The cooking is French in spirit and Scottish in ingredient: Loch Fyne oysters prepared with shallot vinegar in the manner of Paris brasseries; Highland venison braised in the Burgundy style; Border lamb treated with the herbs and mustard of a traditional French gigot; and the soups — bouillabaisse with Scottish coast fish, vichyssoise with Perthshire leeks — that remain the kitchen's most consistent expressions of the French-Scottish synthesis.

The room is the archetype of the Edinburgh bistro at its best: long bar, wood panelling, the accumulated warmth of a space that has been welcoming the same families across multiple generations. The wine list is properly French — Loire, Burgundy, Bordeaux, and the Rhône represented with the authority of a kitchen that understands what it cooks for — with a Scottish whisky selection that offers the most Scottish possible digestif.

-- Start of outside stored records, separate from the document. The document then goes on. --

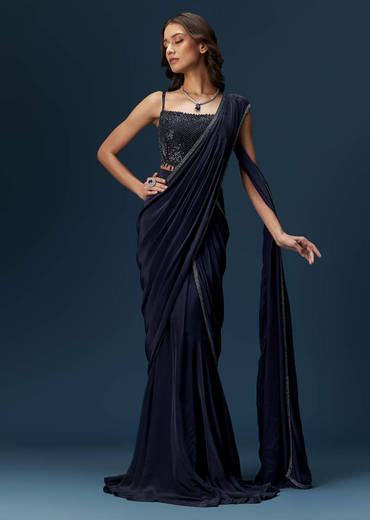 Navy Blue Pre Draped Saree With Embroidered Blouse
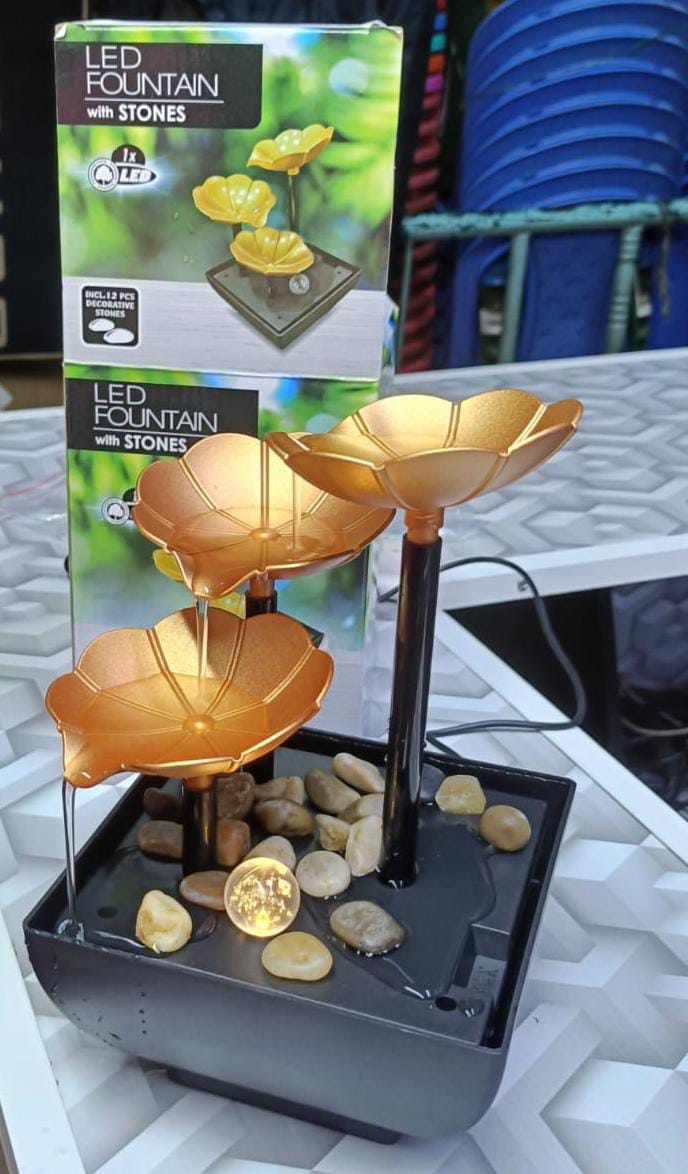 LED fountain with stones, desktop waterfall function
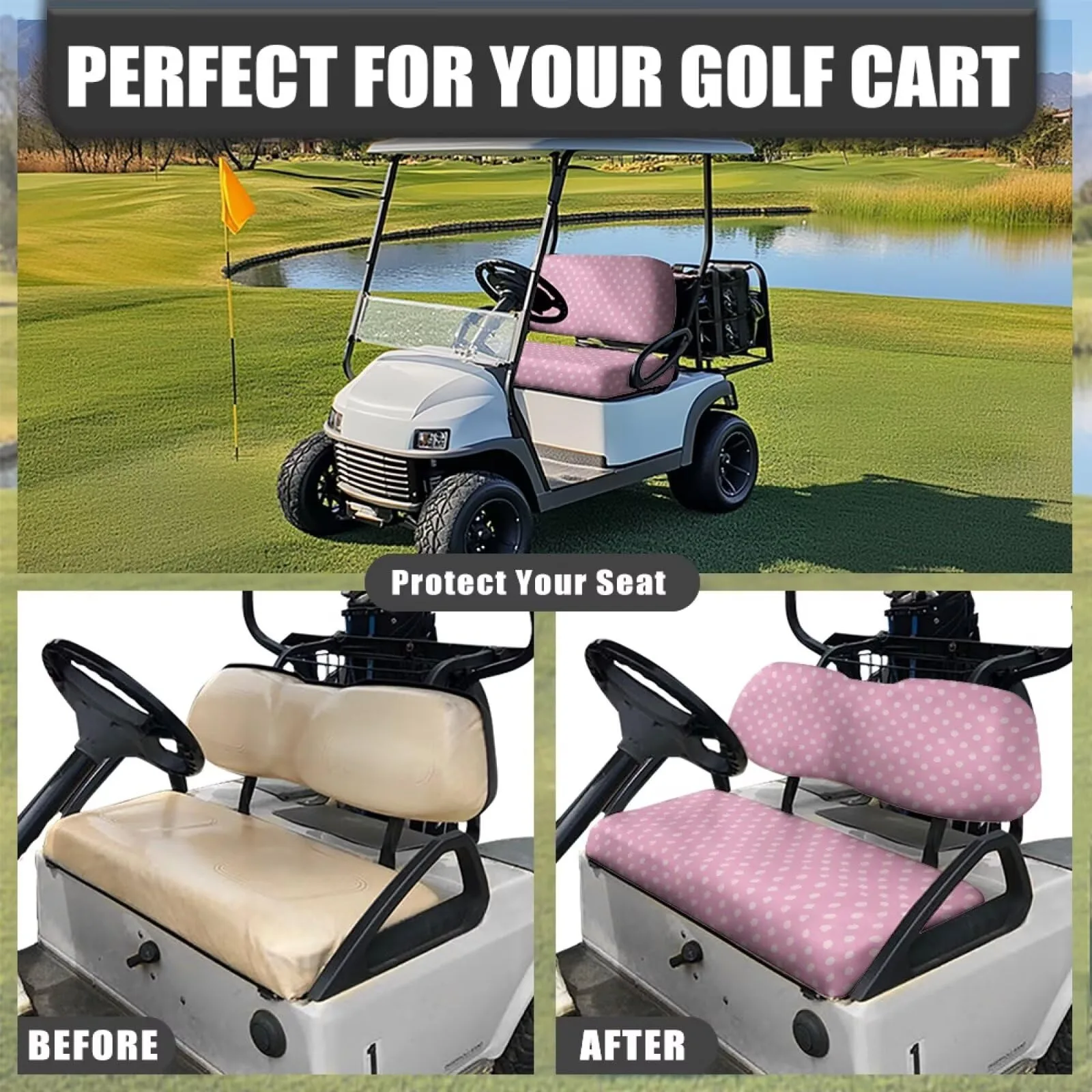 Yewattles Pink Wave Point Golf Cart Seat Cover image 4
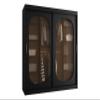 Mirjan24 Bimaza 180 Sliding-Door Wardrobe with Drawers, Smoked Glass, Black view 1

Café St Honoré's longevity in Edinburgh's dining scene reflects a specific truth about the city: its residents value consistency and genuine quality over novelty, and will support a restaurant that delivers both across decades in a way that few European cities sustain.

Best Occasion: First Date

A first date at Café St Honoré works in Edinburgh precisely because it signals knowledge of the city that surpasses tourist lists. The lane location implies you know Edinburgh well enough to know where the restaurants that matter are. The room's warmth and the food's directness create conditions for genuine conversation.

What to Order

The soup of the day reflects the kitchen's daily market decisions. The venison bourguignon, when available, is the most direct expression of the French-Scottish synthesis. The crème brûlée is the correct dessert for this room.